* Exercise objective
Please reproduce the lines of the records below from the one holding "A cat surrounded" through the one holding "Solid Stacked Flare", inclusive, skipping all pictures.

::: Information supplied

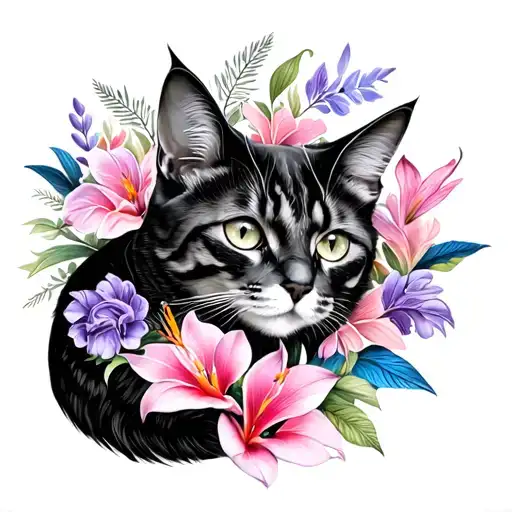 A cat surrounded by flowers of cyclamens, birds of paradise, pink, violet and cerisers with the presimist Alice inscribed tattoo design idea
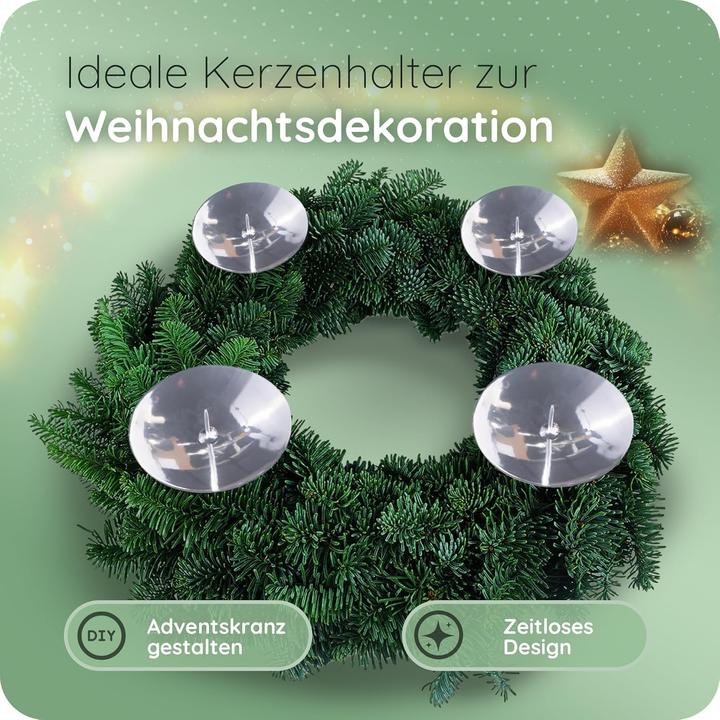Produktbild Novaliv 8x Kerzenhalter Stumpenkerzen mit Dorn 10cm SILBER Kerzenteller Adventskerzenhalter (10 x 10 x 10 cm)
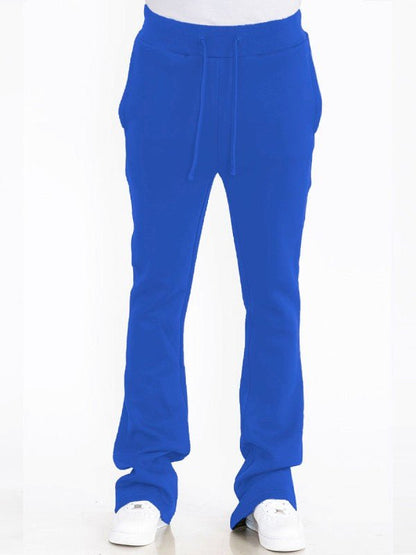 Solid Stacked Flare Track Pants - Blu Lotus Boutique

::::::
::: Information supplied

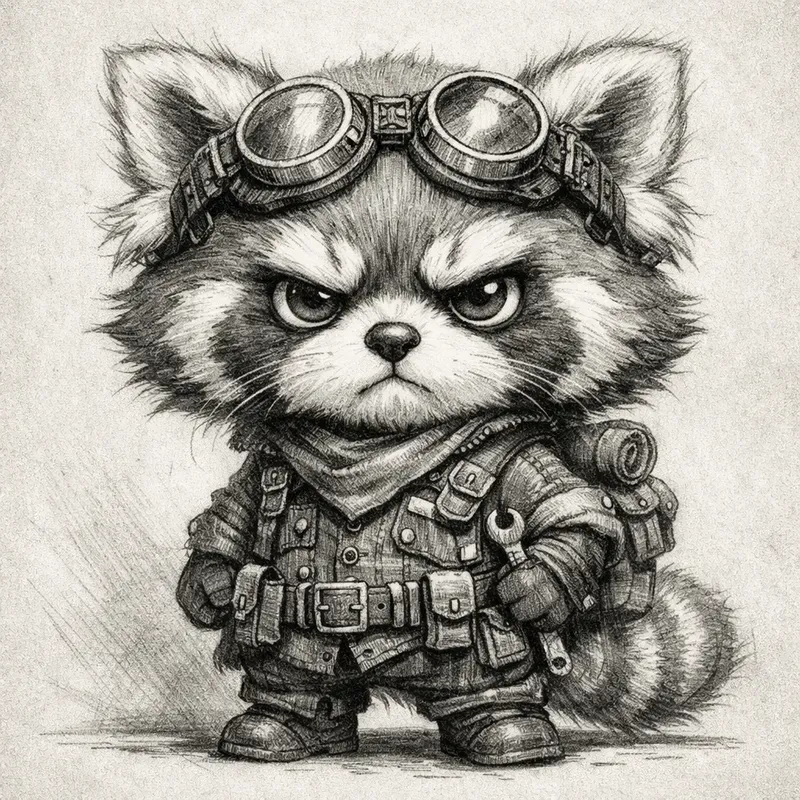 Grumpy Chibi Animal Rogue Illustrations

::::::

* Answer to the problem
 A cat surrounded by flowers of cyclamens, birds of paradise, pink, violet and cerisers with the presimist Alice inscribed tattoo design idea
Produktbild Novaliv 8x Kerzenhalter Stumpenkerzen mit Dorn 10cm SILBER Kerzenteller Adventskerzenhalter (10 x 10 x 10 cm)
 Solid Stacked Flare Track Pants - Blu Lotus Boutique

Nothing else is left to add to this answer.